◆ Assignment
Could each entry below be printed again exactly as given?

◆ Material for this task

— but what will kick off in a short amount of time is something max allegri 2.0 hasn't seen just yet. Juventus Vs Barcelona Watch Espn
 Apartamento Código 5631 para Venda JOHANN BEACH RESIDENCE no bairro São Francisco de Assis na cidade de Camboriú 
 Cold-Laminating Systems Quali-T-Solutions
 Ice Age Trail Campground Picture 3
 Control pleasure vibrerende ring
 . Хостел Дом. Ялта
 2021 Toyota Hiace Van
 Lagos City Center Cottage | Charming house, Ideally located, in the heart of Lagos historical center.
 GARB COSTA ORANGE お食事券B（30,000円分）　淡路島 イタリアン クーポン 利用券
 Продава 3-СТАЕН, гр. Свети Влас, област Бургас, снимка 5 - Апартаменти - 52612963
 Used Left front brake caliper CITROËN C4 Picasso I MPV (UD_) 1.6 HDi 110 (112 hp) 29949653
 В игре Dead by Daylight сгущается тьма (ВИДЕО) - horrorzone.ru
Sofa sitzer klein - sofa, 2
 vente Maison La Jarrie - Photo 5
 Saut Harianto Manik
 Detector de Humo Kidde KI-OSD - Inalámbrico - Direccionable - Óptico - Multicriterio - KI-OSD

◆ Exercise result
— but what will kick off in a short amount of time is something max allegri 2.0 hasn't seen just yet. Juventus Vs Barcelona Watch Espn
 Apartamento Código 5631 para Venda JOHANN BEACH RESIDENCE no bairro São Francisco de Assis na cidade de Camboriú 
 Cold-Laminating Systems Quali-T-Solutions
 Ice Age Trail Campground Picture 3
 Control pleasure vibrerende ring
 . Хостел Дом. Ялта
 2021 Toyota Hiace Van
 Lagos City Center Cottage | Charming house, Ideally located, in the heart of Lagos historical center.
 GARB COSTA ORANGE お食事券B（30,000円分）　淡路島 イタリアン クーポン 利用券
 Продава 3-СТАЕН, гр. Свети Влас, област Бургас, снимка 5 - Апартаменти - 52612963
 Used Left front brake caliper CITROËN C4 Picasso I MPV (UD_) 1.6 HDi 110 (112 hp) 29949653
 В игре Dead by Daylight сгущается тьма (ВИДЕО) - horrorzone.ru
Sofa sitzer klein - sofa, 2
 vente Maison La Jarrie - Photo 5
 Saut Harianto Manik
 Detector de Humo Kidde KI-OSD - Inalámbrico - Direccionable - Óptico - Multicriterio - KI-OSD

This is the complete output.